#### DATASET ENTRIES

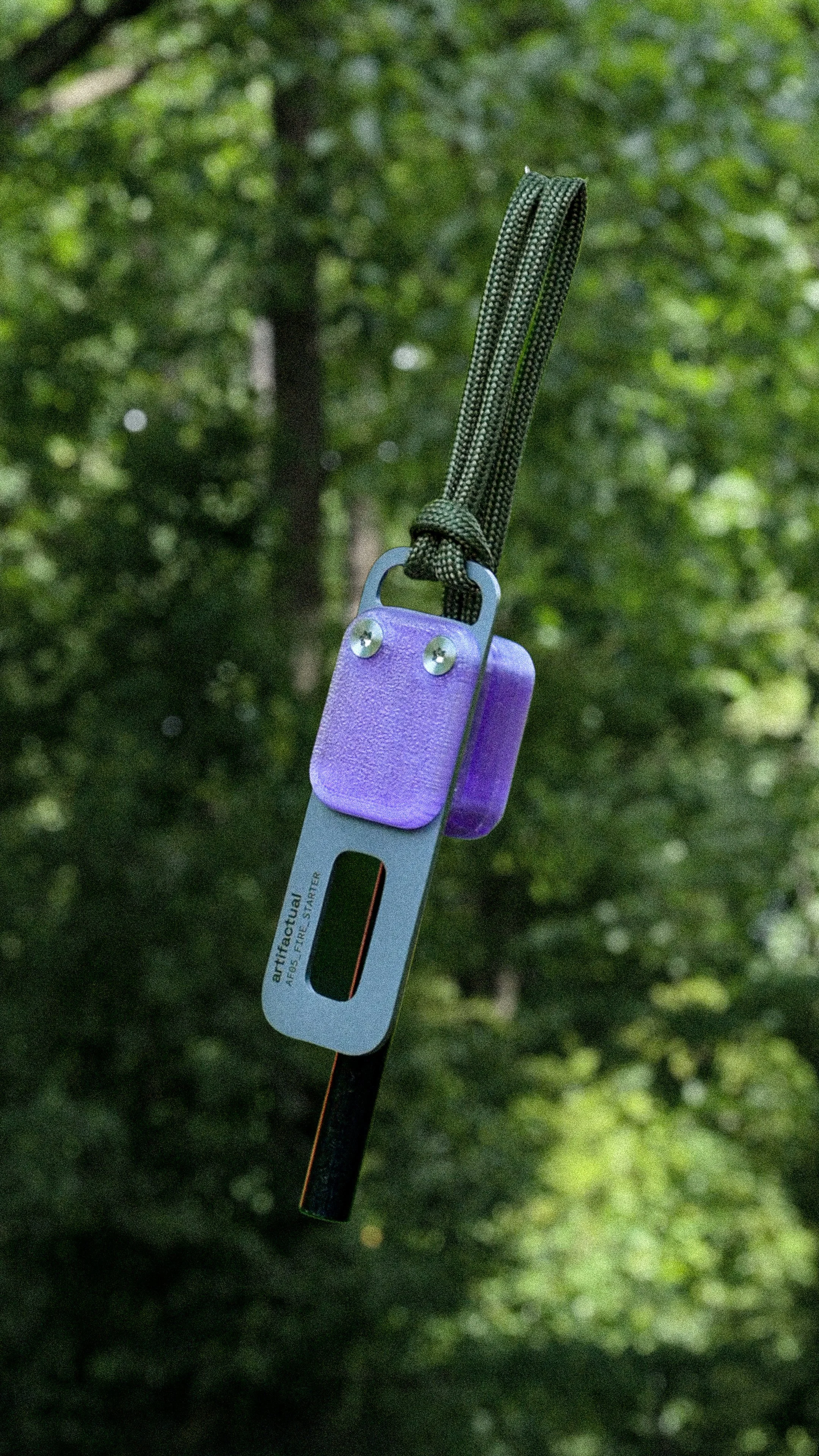 A person holding a metal ice axe with a purple grip and a wrist strap, used for climbing or hiking on ice or rock.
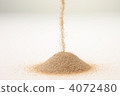 Sand from hand (vertical) 4072480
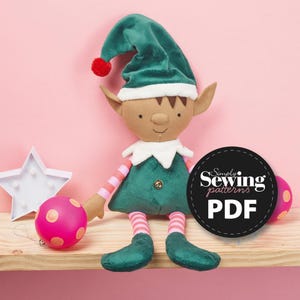 May include: A green and pink elf doll with a red pom-pom hat, sitting on a wooden shelf with a pink and gold ornament and a white star. The doll is wearing a green and white striped shirt and pants. The image includes the text "Simply Sewing patterns PDF".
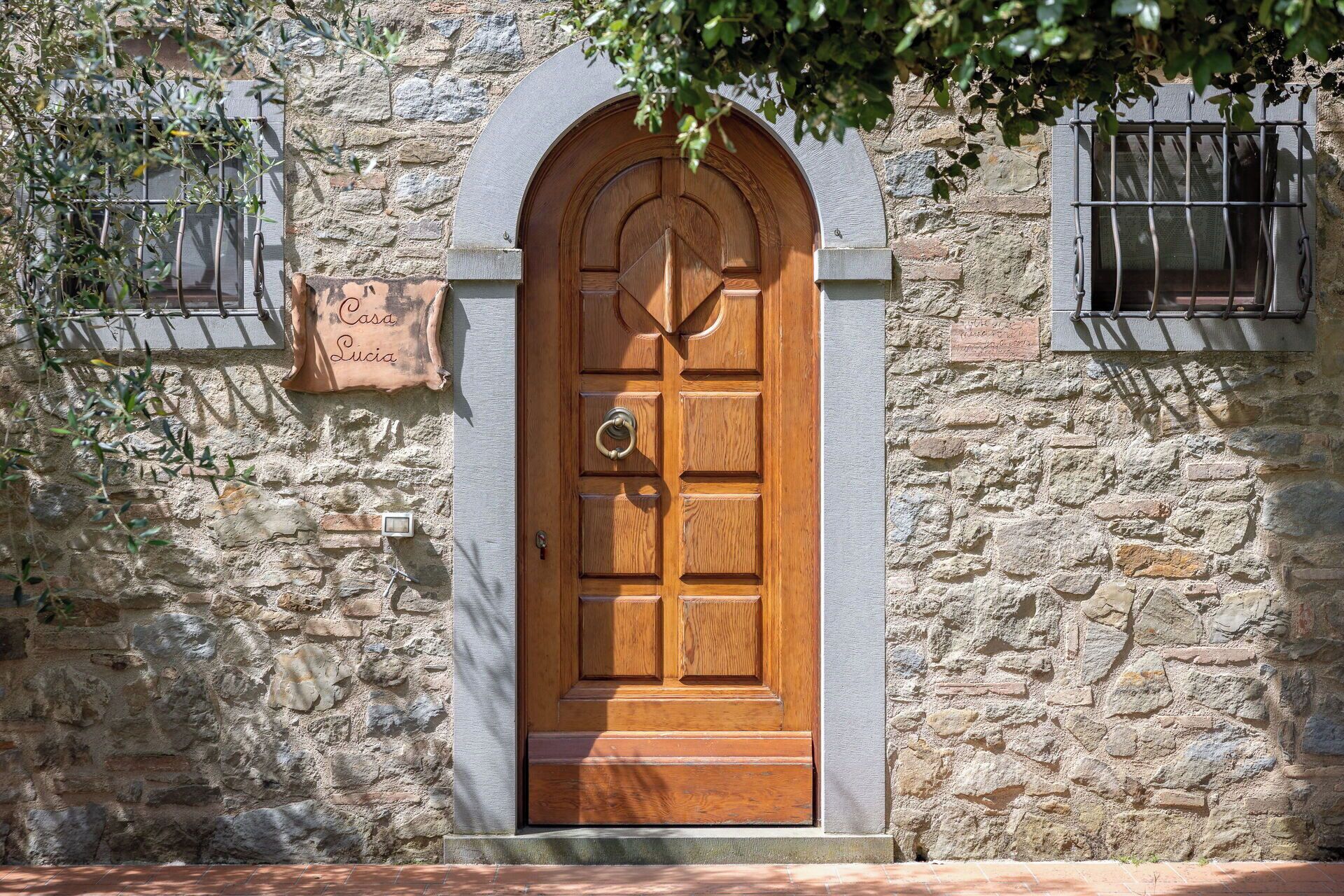 Un edificio de piedra con puerta de madera, una pequeña placa y una ventana con barrotes.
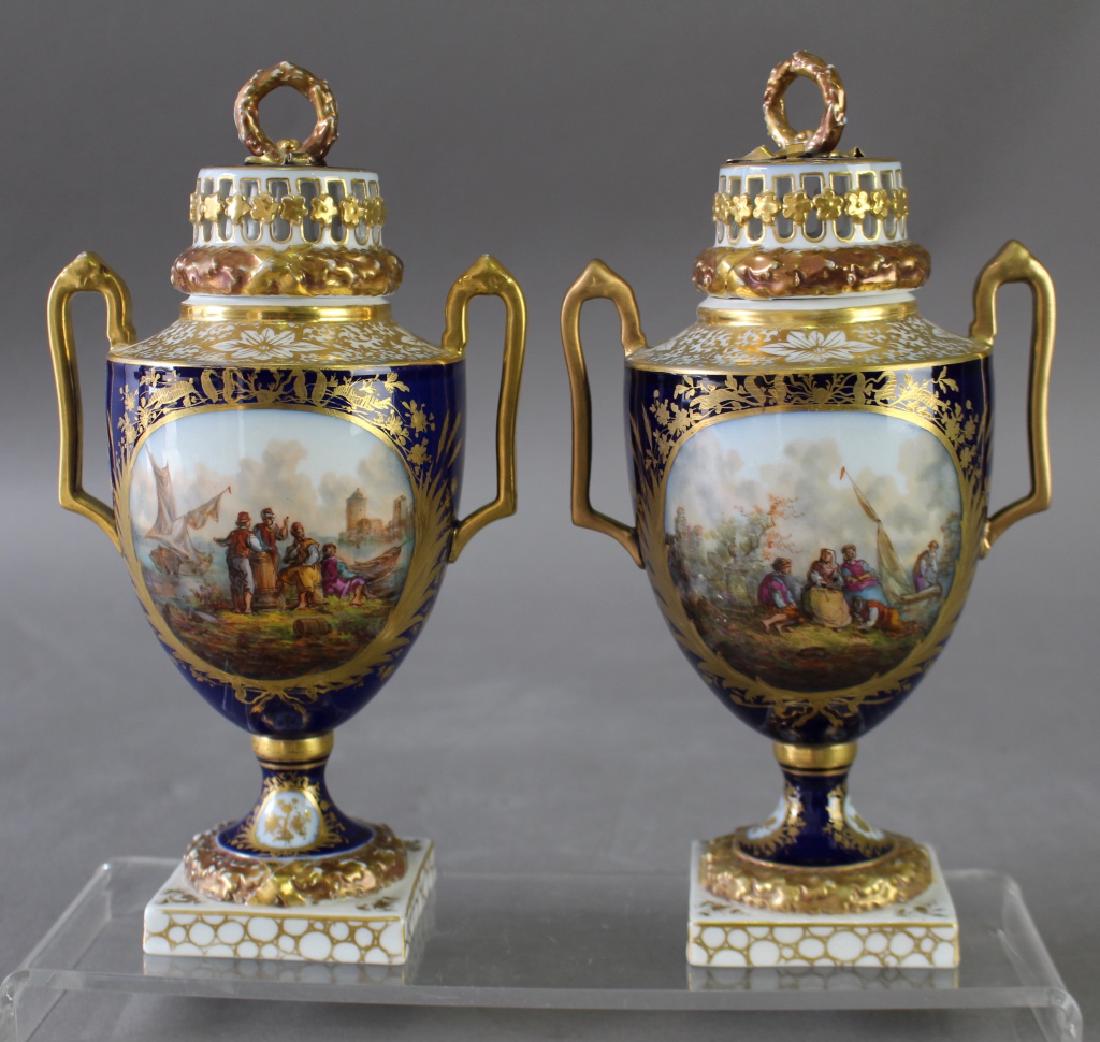 Pair Meissen Style Covered Urns: Pair of Meissen style covered urns, blue Augustus Rex or AR mark, hand painted scenes, 4 different, with reticulated covers, handle on one professionally restored, lots of gold still intact, 10.5".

########

*WORK REQUIRED:*
With pictures left out, repeat exactly the lines from the line bearing "May include: A" through the final line of the records above.

*TASK RESULT:*
 May include: A green and pink elf doll with a red pom-pom hat, sitting on a wooden shelf with a pink and gold ornament and a white star. The doll is wearing a green and white striped shirt and pants. The image includes the text "Simply Sewing patterns PDF".
 Un edificio de piedra con puerta de madera, una pequeña placa y una ventana con barrotes.
 Pair Meissen Style Covered Urns: Pair of Meissen style covered urns, blue Augustus Rex or AR mark, hand painted scenes, 4 different, with reticulated covers, handle on one professionally restored, lots of gold still intact, 10.5".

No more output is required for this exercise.